FT3282 enhanced performance can be due to a variety of variables, including increased pod fullness, seed size, and resistance to biotic and abiotic stressors. According to [25], modern soybean varieties are frequently bred for features that improve both yield potential and resilience to environmental difficulties like drought and pests, which could explain FT3282 better productivity. Furthermore, the higher production observed in FT3282 may indicate improved nutrient uptake efficiency, as demonstrated by [26] [27], who found that newer varieties are more efficient in utilizing soil nutrients than traditional varieties.
Tracaja, the older variety, produced a lower yield. This result is consistent with that of [17], who found that older soybean varieties have lower yield potential due to inefficient resource utilization and lower tolerance to environmental challenges. Tracaja may also be more sensitive to some pests or illnesses that newer varieties, such as FT3282, are better equipped to handle as a result of disease resistance breeding. For example, [28] stated that genetic breakthroughs in soybean cultivars have resulted in improved insect resistance, which adds to higher yields.
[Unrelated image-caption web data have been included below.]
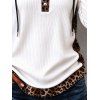 Vintage Hoodie Top Leopard Print Panel Textured Hooded Drawstring Long Sleeve Knitted Top - Blanc L | US 8-10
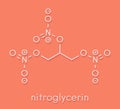 Nitroglycerin nitro, glyceryl trinitrate drug and explosive molecule. Skeletal formula.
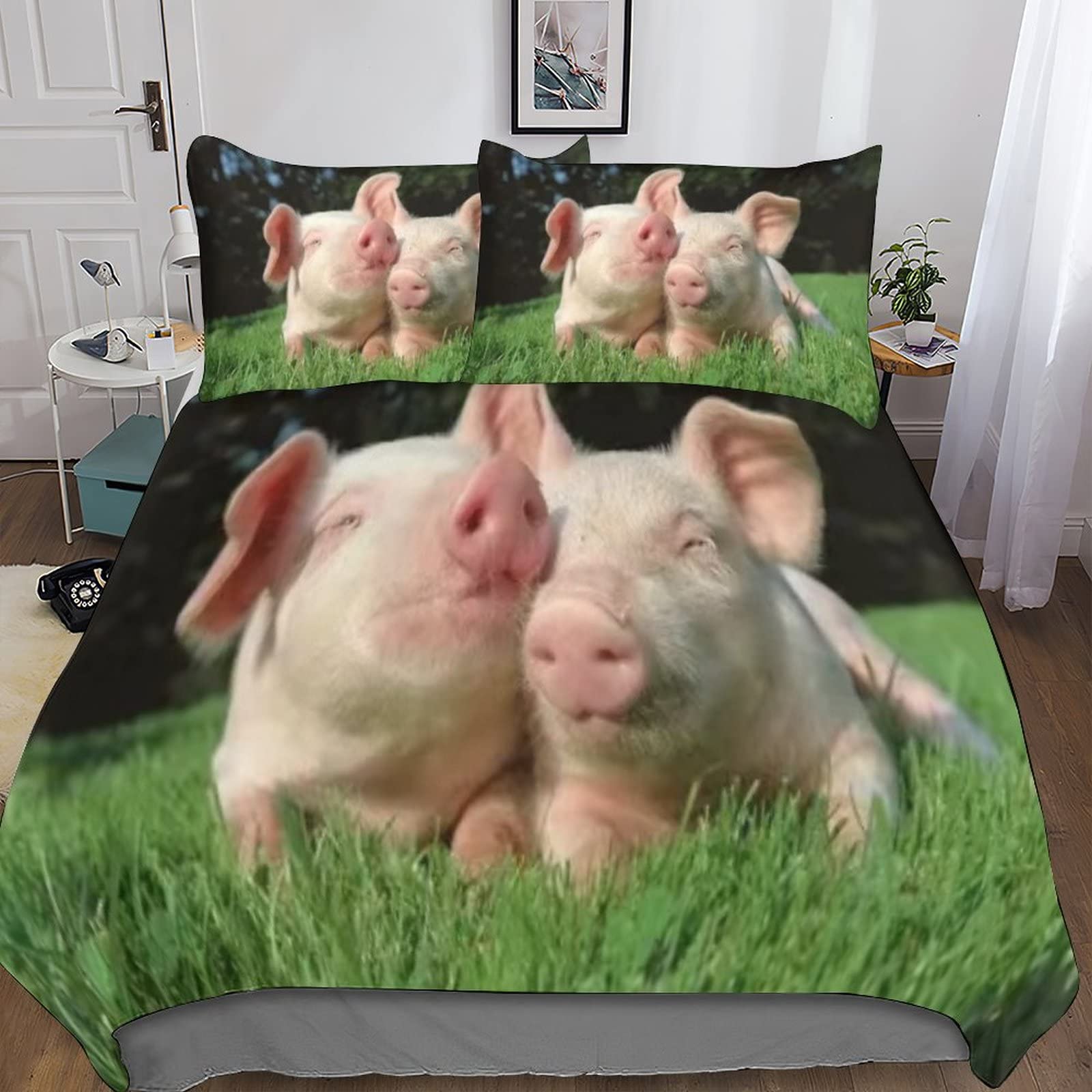 Housse de couette pig 200x200cm anti-glisse avec fermeture à glissière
While the yield difference between the two varieties in this study is significant, it is critical to examine the unique environmental and agronomic circumstances under which these varieties were evaluated. Soil fertility, water availability, and climatic conditions could all have a substantial impact on yield. While increased yield is a valuable attribute of FT3282, yield improvements must translate into tangible economic benefits, which depend on a broader set of variables including the cost of seed, input requirements such as fertilizers, pesticides and labor can significantly affect profitability. Furthermore, market prices and demand for the varieties grown are favorable to ensure an economic advantage one over the other. A holistic analysis will provide a more realistic picture for farmers and stakeholders, supporting better informed decisions regarding adoption.
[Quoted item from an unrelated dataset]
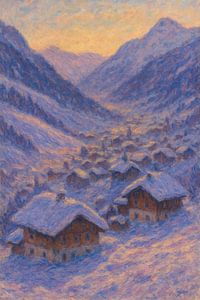 Alpendorf Winter Blue Hour – Gemütliche verschneite Hütte Impressionistische Kunst
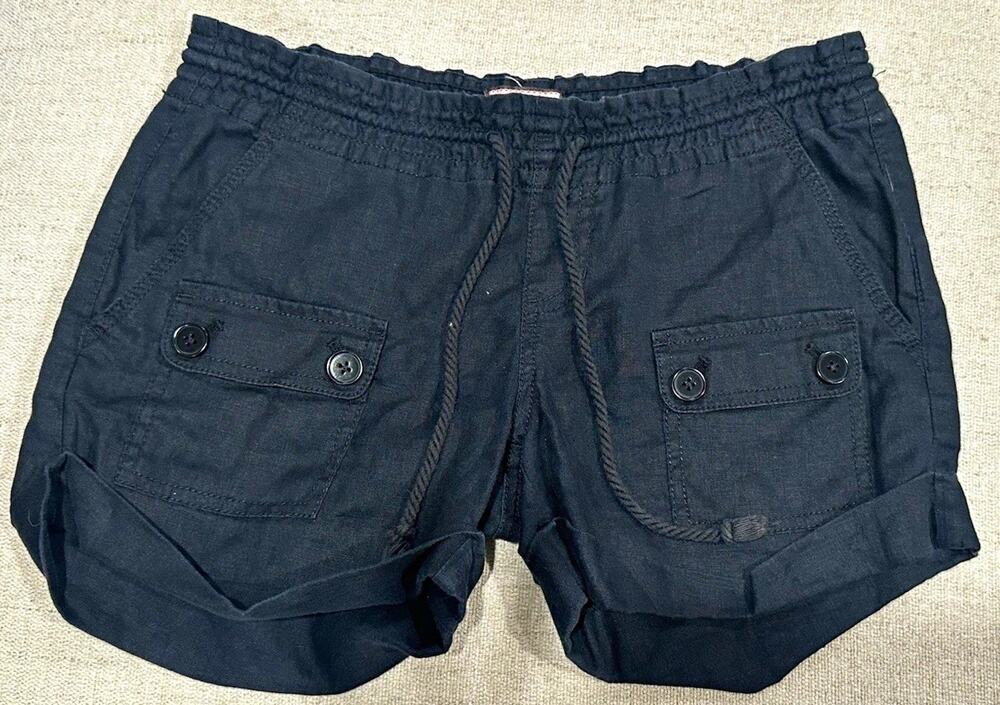 Juicy Couture Womens Cargo Shorts Black Solid Cotton Canvas Sz P (Small)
Future research should investigate how these parameters interact with the genetic traits of the varieties to have a better understanding of the determinants of yield performance. Also, to accurately assess the benefits of switching to FT3282, it is essential to evaluate not just its agronomic performance but also the full economic analysis.
6. Conclusion
In conclusion, the soybean variety FT3282 surpassed Tracaja in terms of growth and yield, with taller plants, a greater number of pods, more seeds per pod, more seed weight per plant, and much higher average yield. These findings suggest that FT3282 may be a more productive choice under similar growing conditions. To properly appreciate its potential, future study should focus on determining the growth and yield parameter of these features across different environmental conditions, as well as finding the genetic elements that contribute to observed performance differences. Furthermore, enhancing critical agronomic measures including planting density, soil fertility, and irrigation could help both varieties achieve their full output potential and also a full economic analysis.
Acknowledgement
We acknowledge the support of the National Agricultural Research and Extension Institute (NAREI) for facilitating this study. Finally, many thanks to the farmer, Mr. Milton Lewis for his full support and contribution in using his allotment land to carry out the project.